*** Input material Section Begins ***

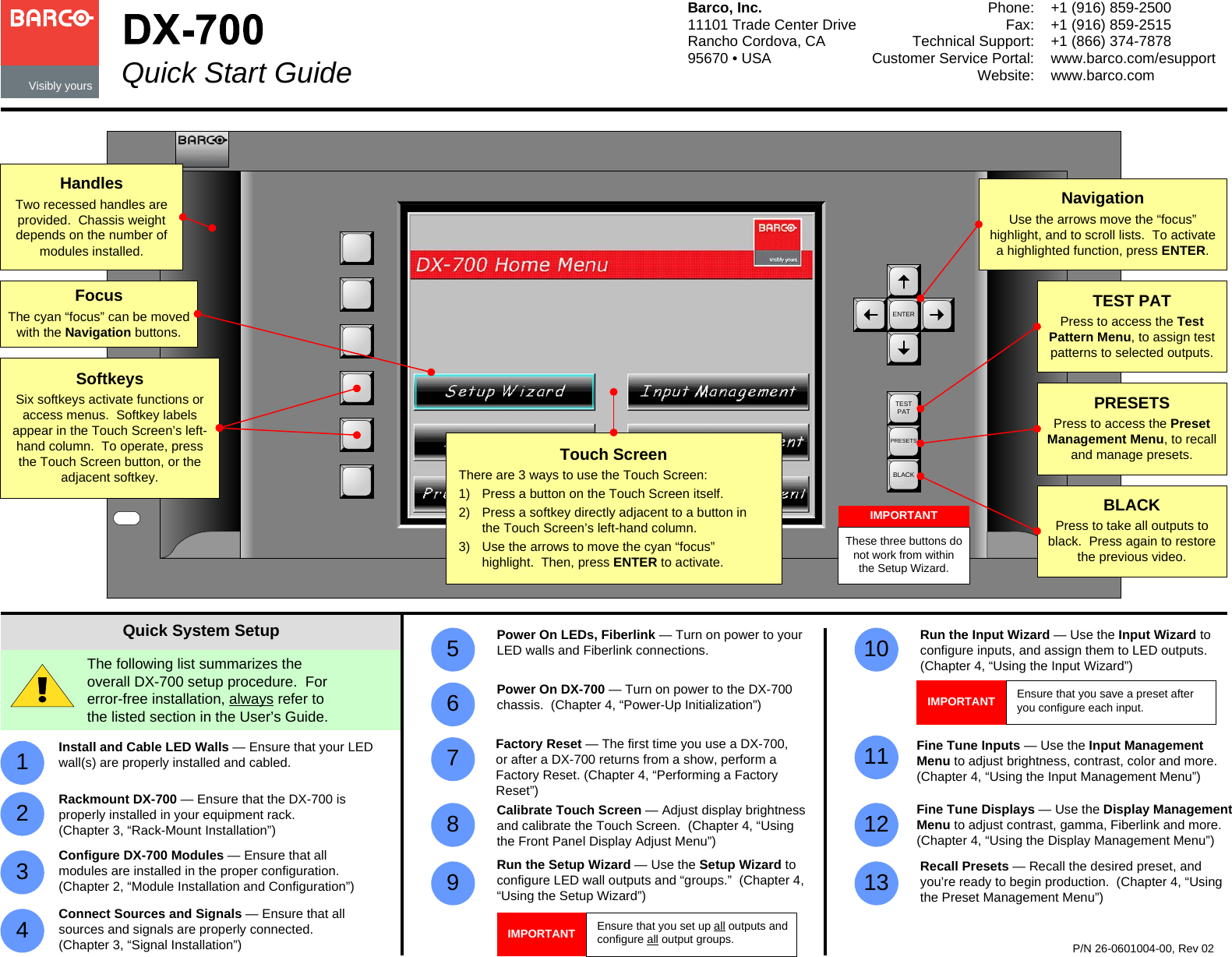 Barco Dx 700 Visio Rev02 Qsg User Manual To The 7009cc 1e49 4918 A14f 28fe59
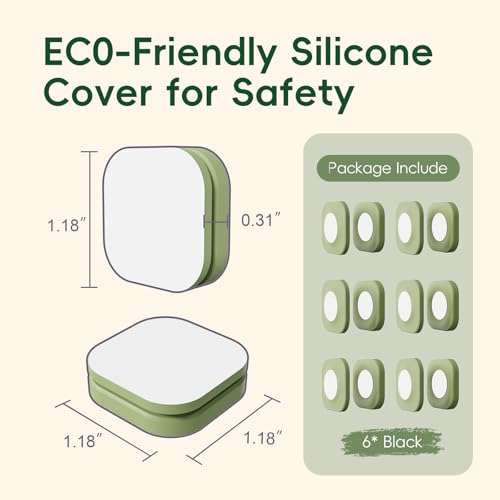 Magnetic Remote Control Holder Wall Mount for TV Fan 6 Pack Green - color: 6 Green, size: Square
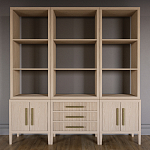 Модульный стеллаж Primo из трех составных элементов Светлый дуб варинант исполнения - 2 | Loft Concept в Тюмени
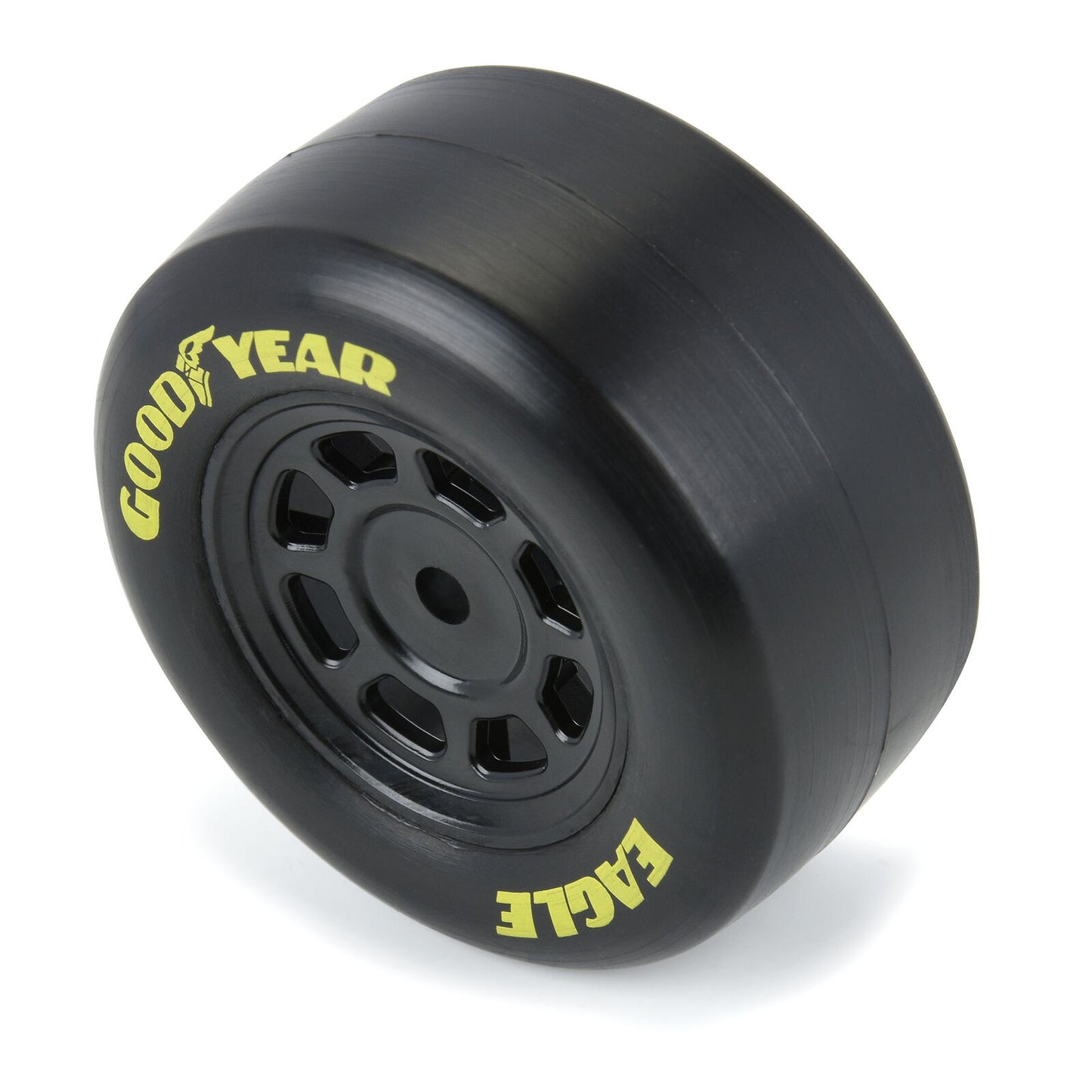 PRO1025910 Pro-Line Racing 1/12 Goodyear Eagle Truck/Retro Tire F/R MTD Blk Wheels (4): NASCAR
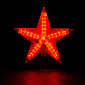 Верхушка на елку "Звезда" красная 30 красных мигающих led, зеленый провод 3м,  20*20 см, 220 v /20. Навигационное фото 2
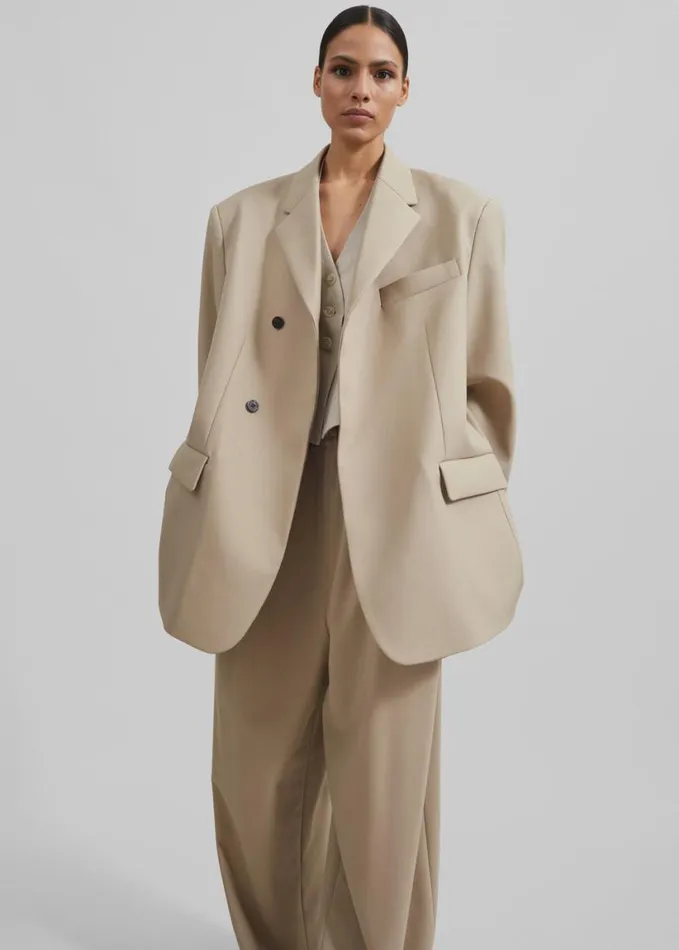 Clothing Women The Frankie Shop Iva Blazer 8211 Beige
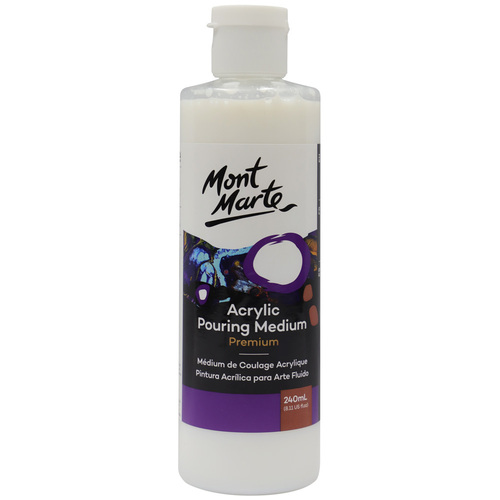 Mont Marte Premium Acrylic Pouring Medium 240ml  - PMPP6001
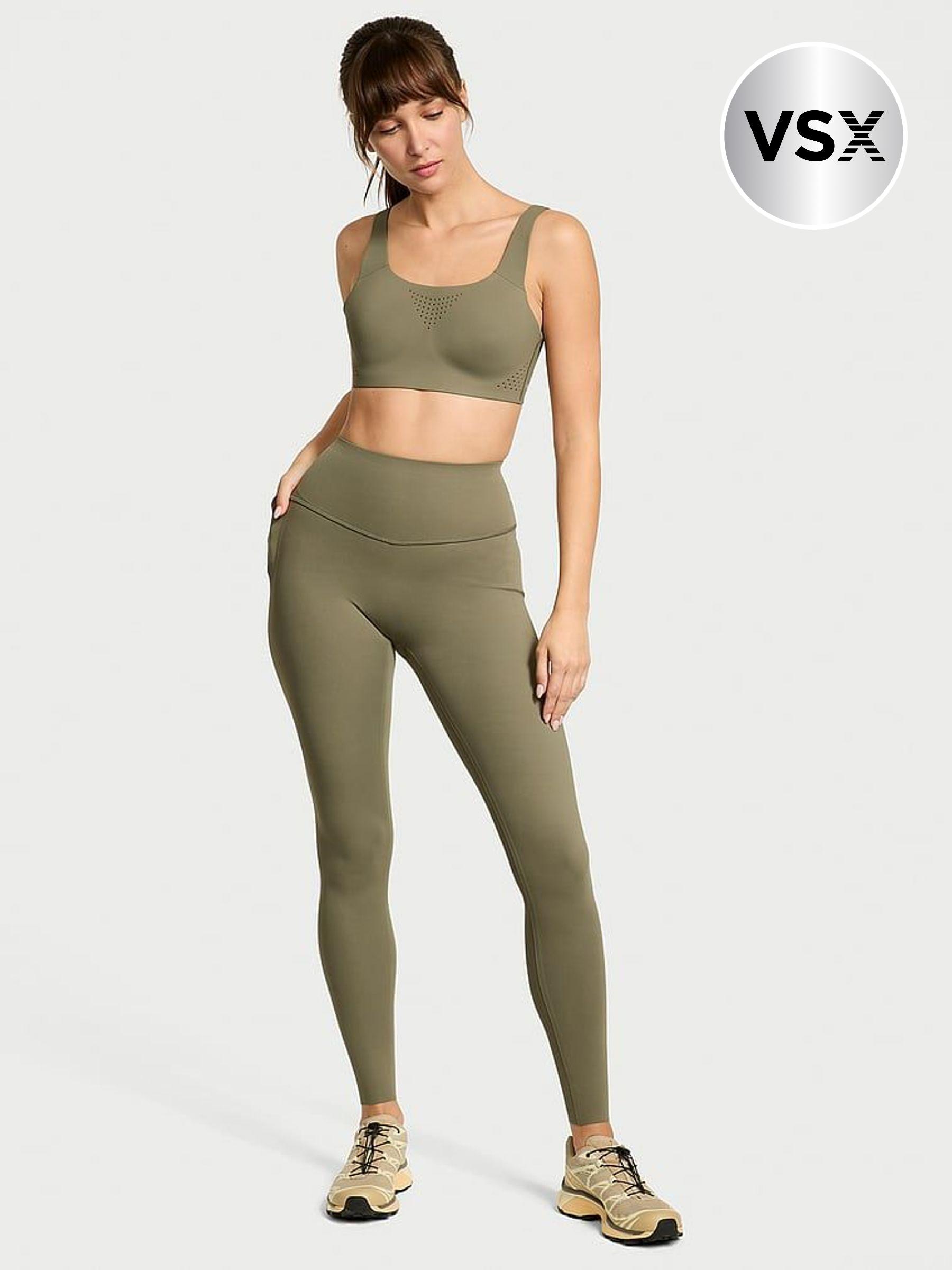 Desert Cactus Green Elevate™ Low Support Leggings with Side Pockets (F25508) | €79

*** Input material Section Ends ***

• What you should do
Each line from the one with "Magnetic Remote Control" through the end of the entries should be reproduced exactly. Leave out the pictures.

• Written answer
 Magnetic Remote Control Holder Wall Mount for TV Fan 6 Pack Green - color: 6 Green, size: Square
 Модульный стеллаж Primo из трех составных элементов Светлый дуб варинант исполнения - 2 | Loft Concept в Тюмени
 PRO1025910 Pro-Line Racing 1/12 Goodyear Eagle Truck/Retro Tire F/R MTD Blk Wheels (4): NASCAR
 Верхушка на елку "Звезда" красная 30 красных мигающих led, зеленый провод 3м,  20*20 см, 220 v /20. Навигационное фото 2
 Clothing Women The Frankie Shop Iva Blazer 8211 Beige
 Mont Marte Premium Acrylic Pouring Medium 240ml  - PMPP6001
 Desert Cactus Green Elevate™ Low Support Leggings with Side Pockets (F25508) | €79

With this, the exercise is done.